- _Required work_:
Go to the line containing "Gene decides why" in the material below. From there to the end, retype every line exactly and drop the pictures.

- _Material provided_:
----

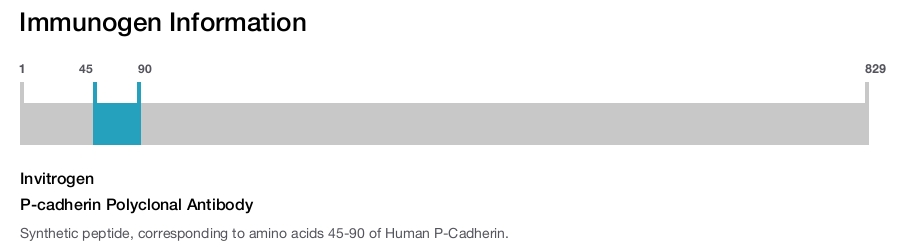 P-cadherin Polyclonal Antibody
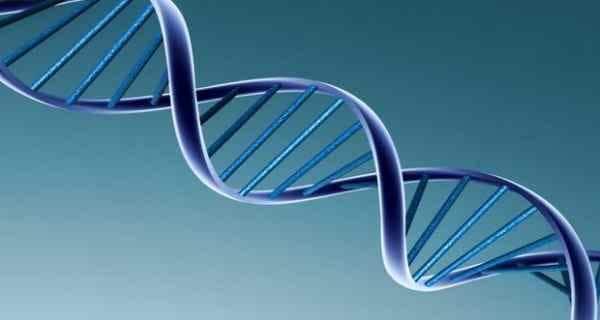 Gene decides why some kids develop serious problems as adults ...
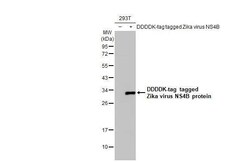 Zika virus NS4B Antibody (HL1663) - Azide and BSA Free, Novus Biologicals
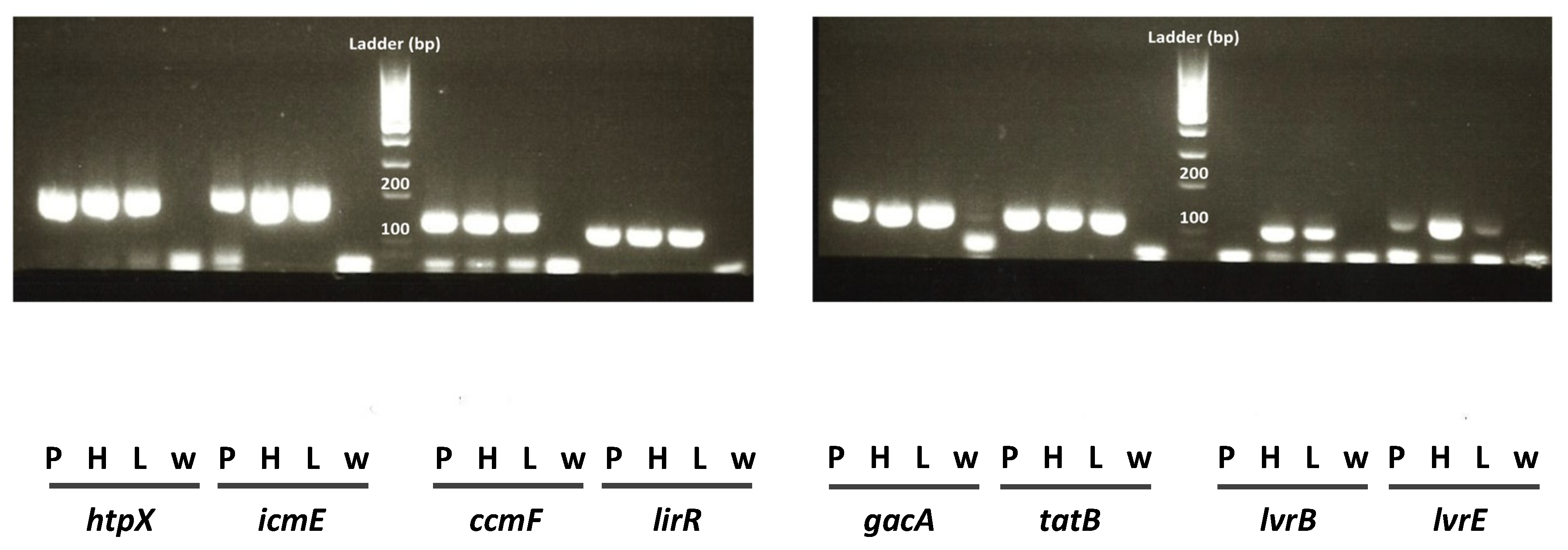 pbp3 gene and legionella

----

- _Result_:
 Gene decides why some kids develop serious problems as adults ...
 Zika virus NS4B Antibody (HL1663) - Azide and BSA Free, Novus Biologicals
 pbp3 gene and legionella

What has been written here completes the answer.